*Work instruction*.
Apart from the pictures, write out the records that follow exactly.

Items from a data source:
------------------------------------

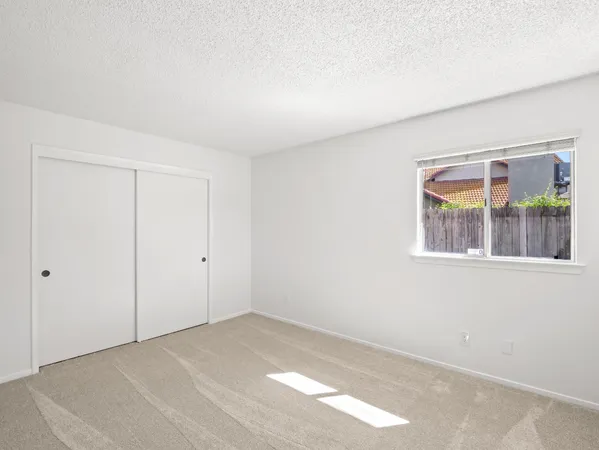 $499,000 | 1631 East Deyoung Drive, Fresno, CA 93720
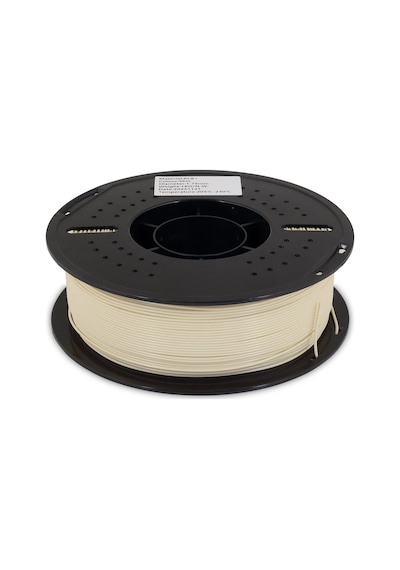 Filamix Pla+ Ten Rengi Filament 1,75mm 1kg - Bisiparisver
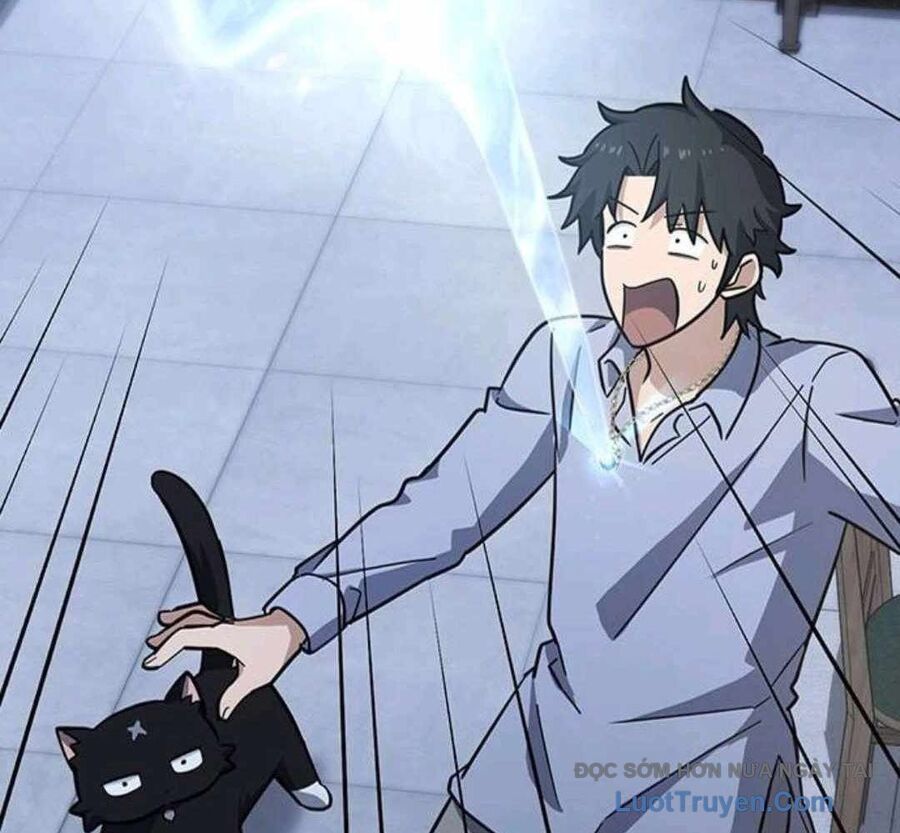 Bác Sĩ Thú Y Ở Dị Giới - Chapter 30 - Page 135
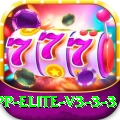 pk7 App Elite v3.3.3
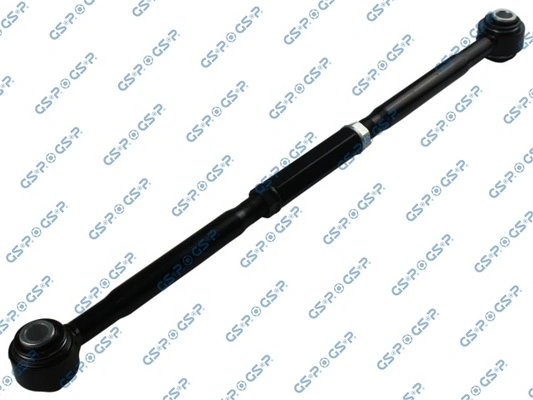 S062126 GSP Braço oscilante transversal direito de suspensão traseira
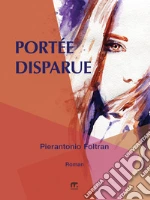 Foltran Pierantonio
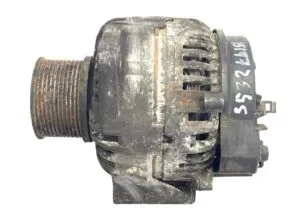 Alternator mercedes a0141545402 / a0141545302 / a012154052 / a0121546702 / a0121544402 / a0131547902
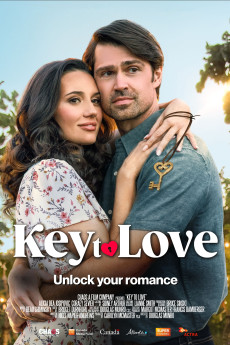 Key to Love (2023) download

------------------------------------

*Result below*.
 $499,000 | 1631 East Deyoung Drive, Fresno, CA 93720
 Filamix Pla+ Ten Rengi Filament 1,75mm 1kg - Bisiparisver
 Bác Sĩ Thú Y Ở Dị Giới - Chapter 30 - Page 135
 pk7 App Elite v3.3.3
 S062126 GSP Braço oscilante transversal direito de suspensão traseira
 Foltran Pierantonio
 Alternator mercedes a0141545402 / a0141545302 / a012154052 / a0121546702 / a0121544402 / a0131547902
 Key to Love (2023) download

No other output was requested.